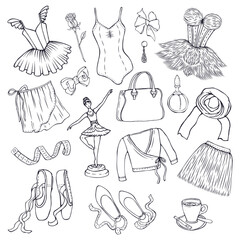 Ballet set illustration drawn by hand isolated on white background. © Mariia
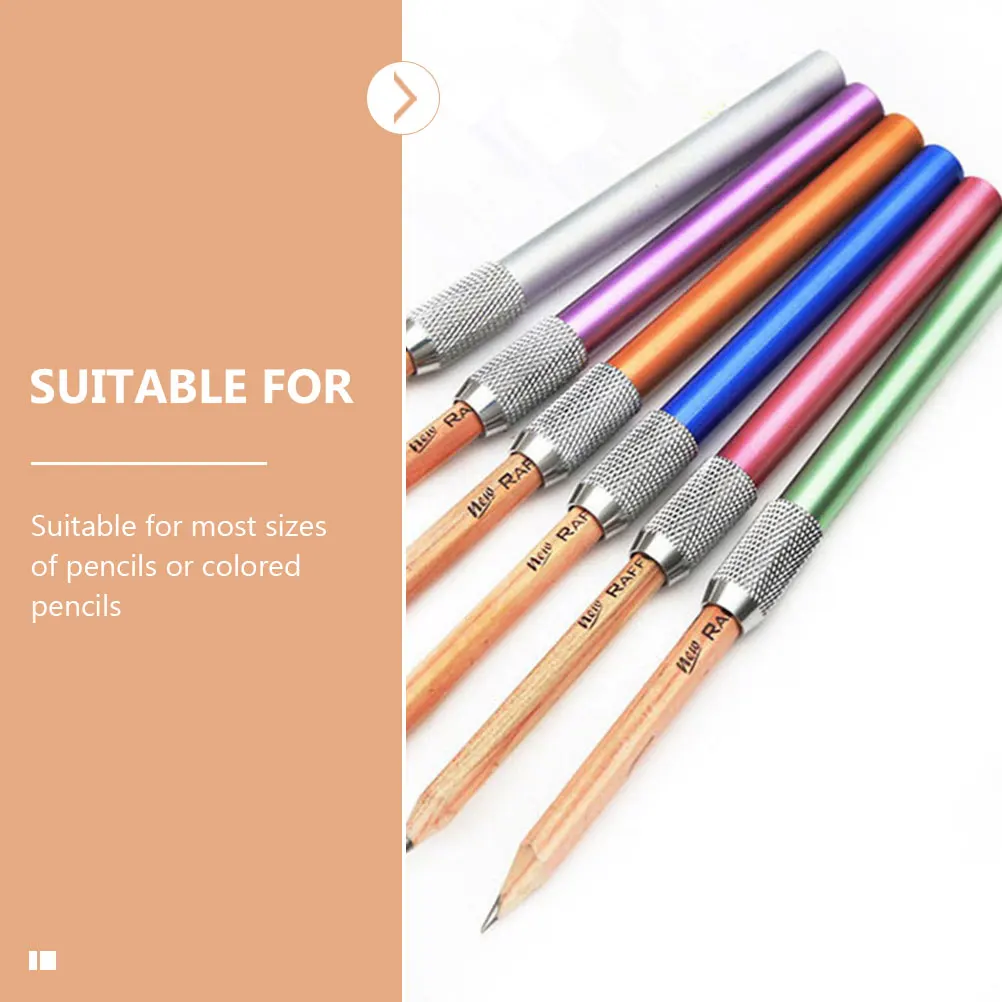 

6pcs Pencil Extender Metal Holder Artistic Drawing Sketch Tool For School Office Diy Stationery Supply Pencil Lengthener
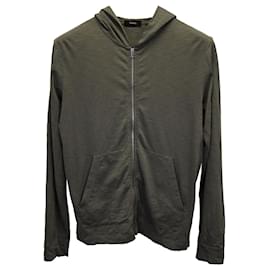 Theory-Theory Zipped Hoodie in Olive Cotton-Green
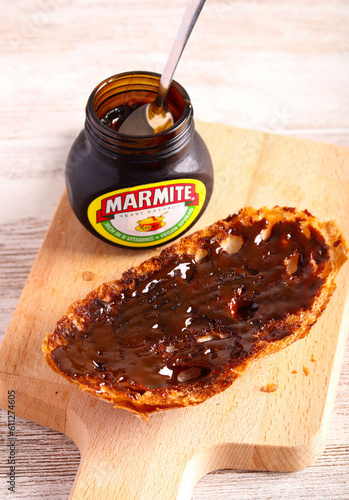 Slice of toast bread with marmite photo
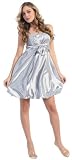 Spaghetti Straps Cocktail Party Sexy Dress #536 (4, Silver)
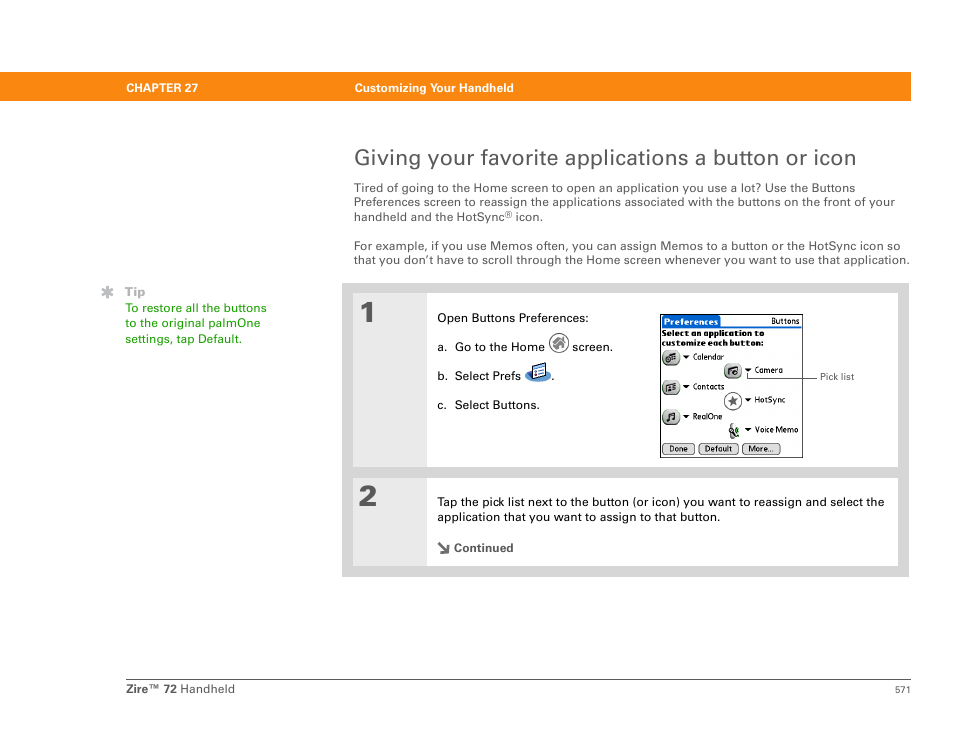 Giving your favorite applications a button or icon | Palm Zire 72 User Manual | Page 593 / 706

* * *

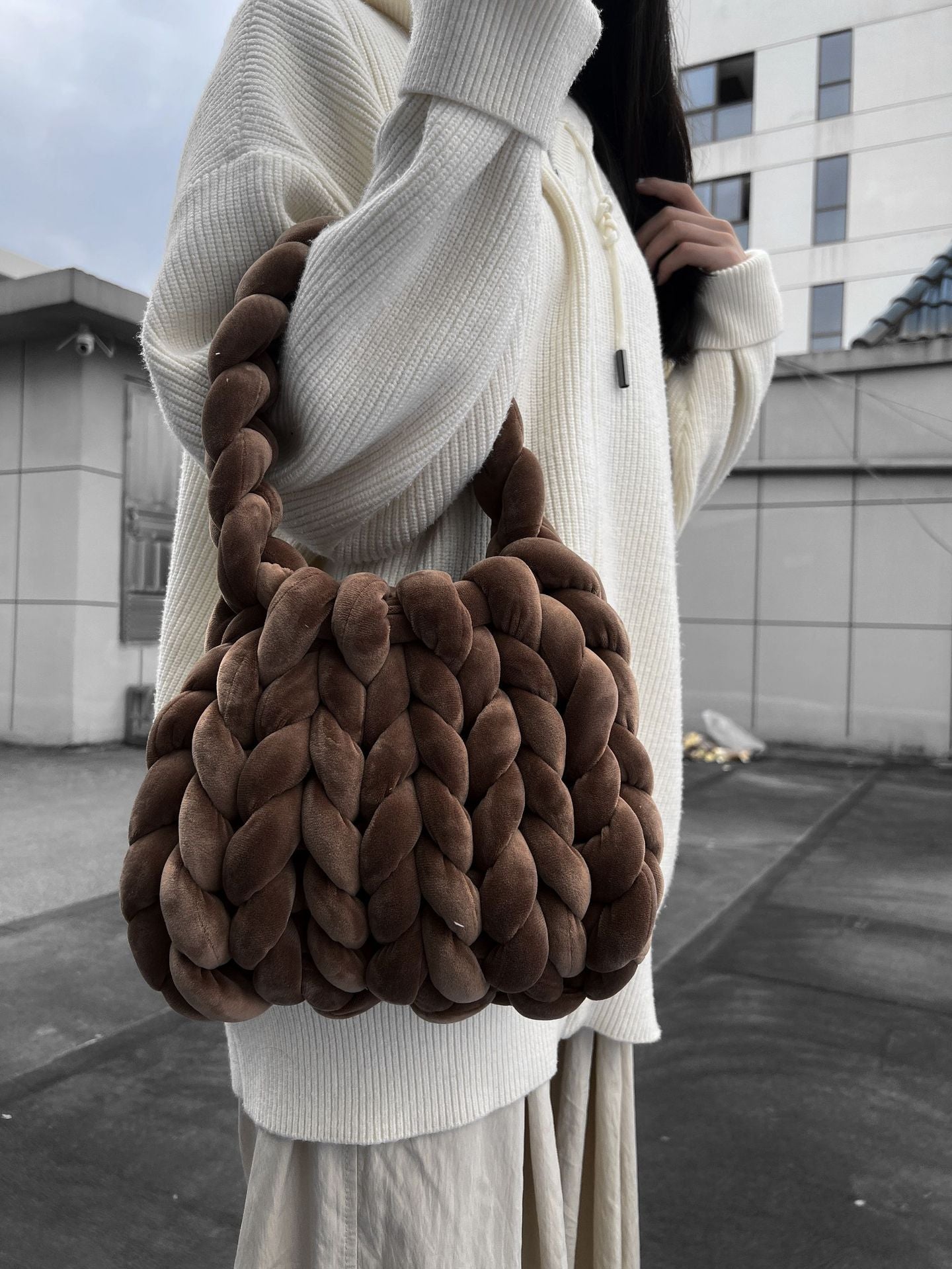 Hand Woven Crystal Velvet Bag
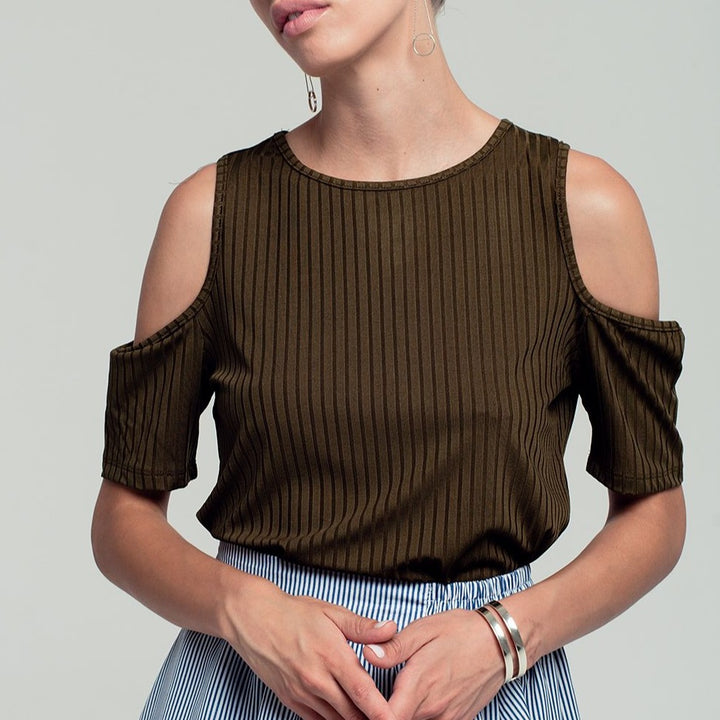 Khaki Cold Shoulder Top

* * *

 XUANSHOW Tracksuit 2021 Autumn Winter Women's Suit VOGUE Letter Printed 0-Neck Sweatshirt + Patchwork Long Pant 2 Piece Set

— Your assignment —
Reproduce the records above exactly, but only from the line with "Hand Woven Crystal Velvet Bag" up to and including the line with "Khaki Cold Shoulder Top". Leave the pictures out.

— Exercise answer —
 Hand Woven Crystal Velvet Bag
 Khaki Cold Shoulder Top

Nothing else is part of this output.